TASK ITEM >> Although the records contain pictures, print none of them; print exactly the lines from the one with "1770 S Riparian Way, Eagle, ID 83616" through the last line.

######

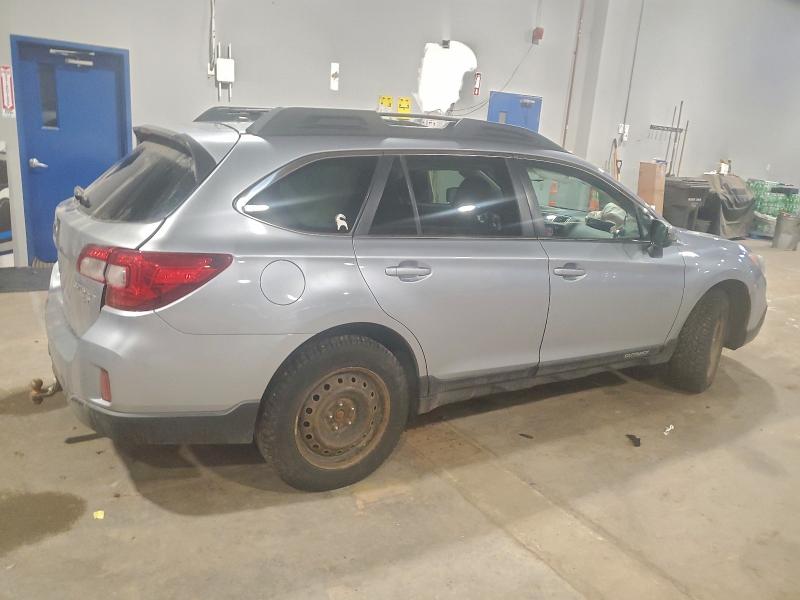 Photo 3 from auction – 2015 SUBARU OUTBACK 3. with VIN 4S4BSFLC1F3212145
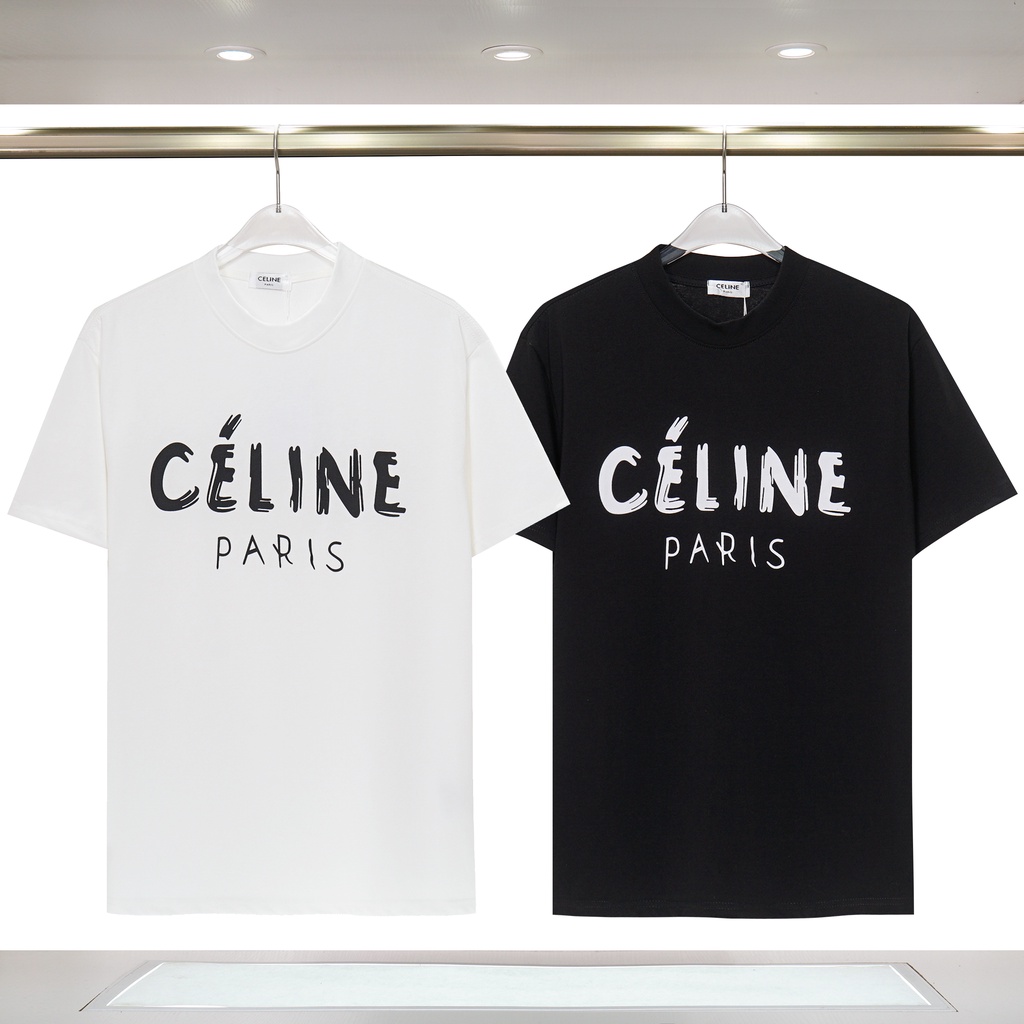 Celine t-shirt em 2023  Celine, Looks, Camiseta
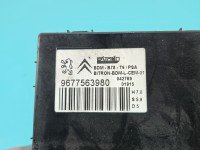 Sterownik moduł Citroen C4 Grand Picasso II 13-22 9677563980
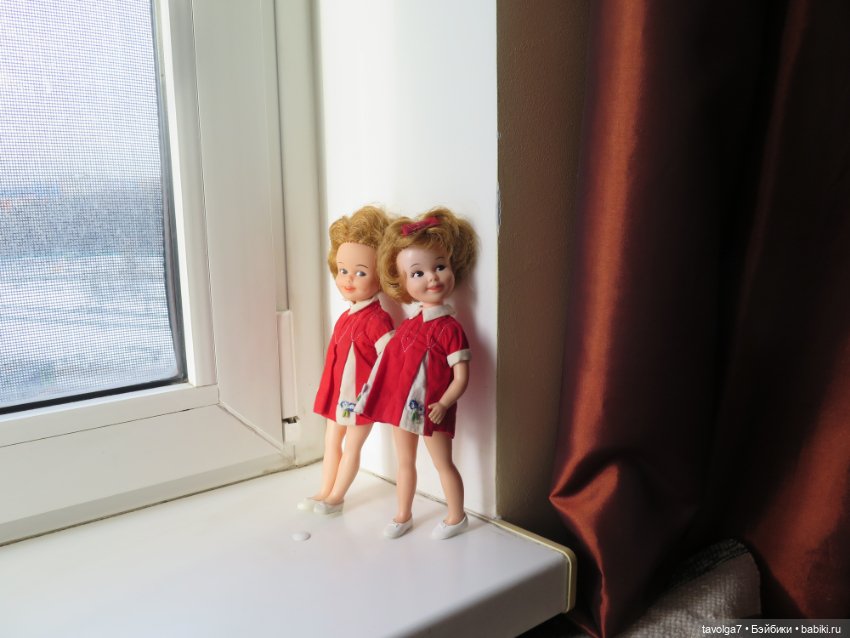 Heidi от Remco и Penny Brite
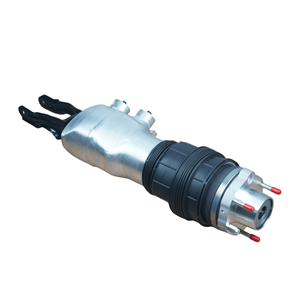 Amortiguadores de suspensión neumática delanteros izquierdos 9J1616037D compatibles con Porsche Tacan PAD616037 - Product Image 2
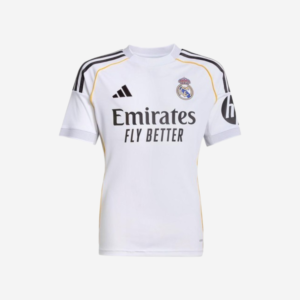 bayern (2) Maillot Domicile Real Madrid 2026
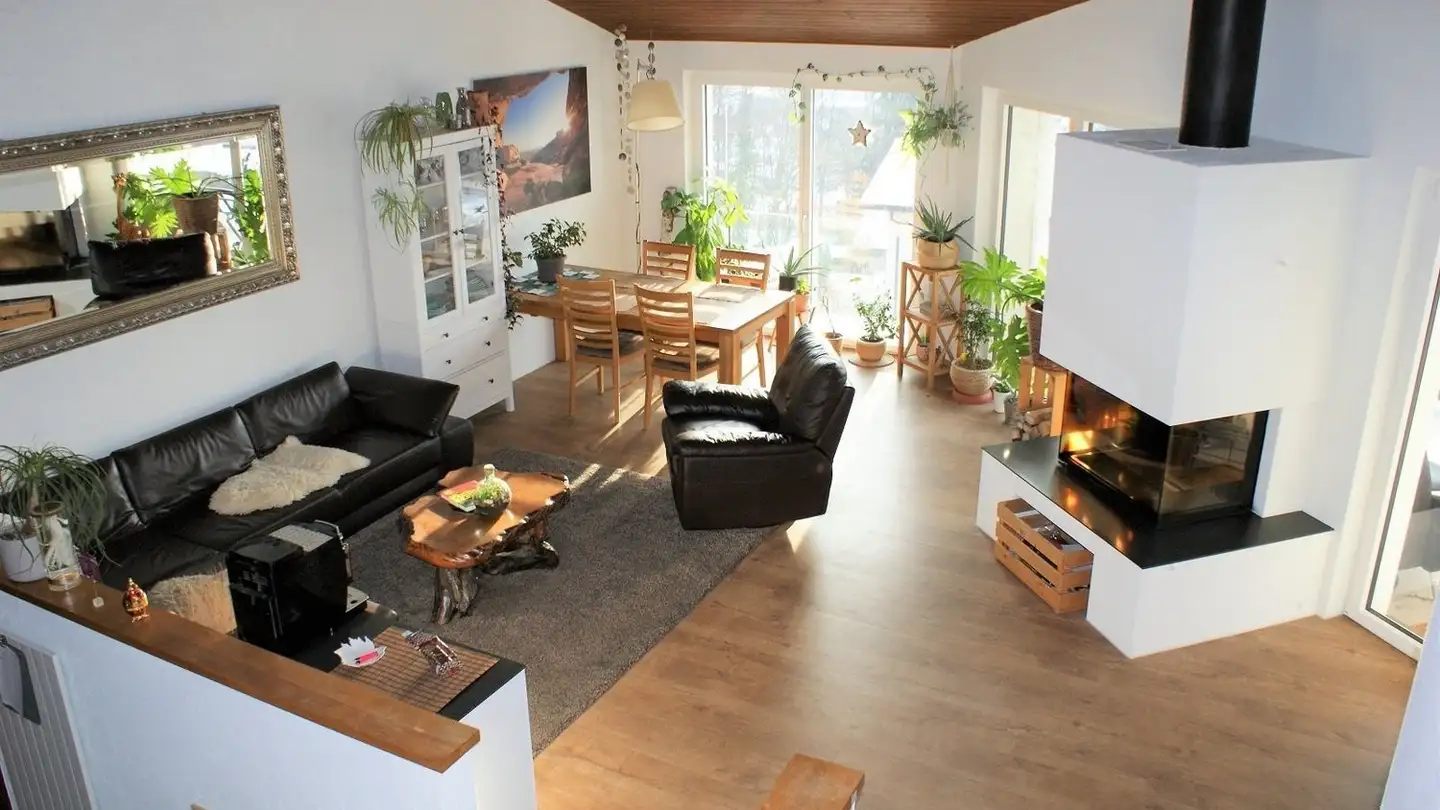 Single room for rent - Am Luzerbach, 6043 Adligenswil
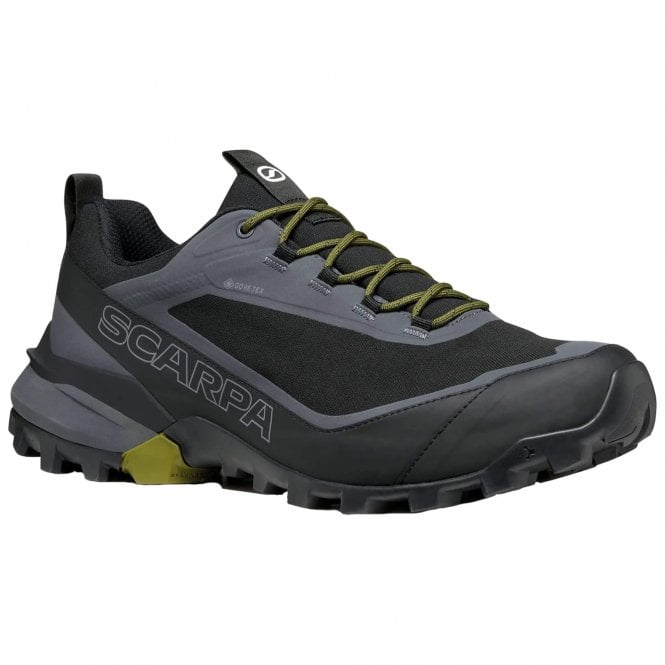 Scarpa Mens Ribelle Cross 2 GTX Walking Shoe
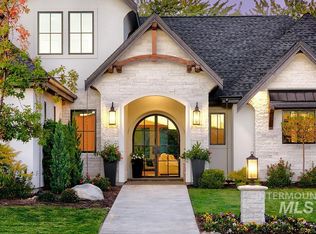 1770 S Riparian Way, Eagle, ID 83616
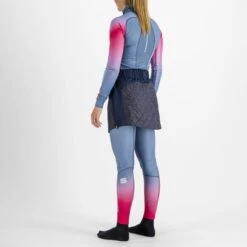 SPORTFUL RYTHMO SKIRT ITALY BLU 22 -Winter Sportswear 9 107686 rythmo skirt italy blu 0420523 113 05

######

RESULT BELOW >>
 1770 S Riparian Way, Eagle, ID 83616
 SPORTFUL RYTHMO SKIRT ITALY BLU 22 -Winter Sportswear 9 107686 rythmo skirt italy blu 0420523 113 05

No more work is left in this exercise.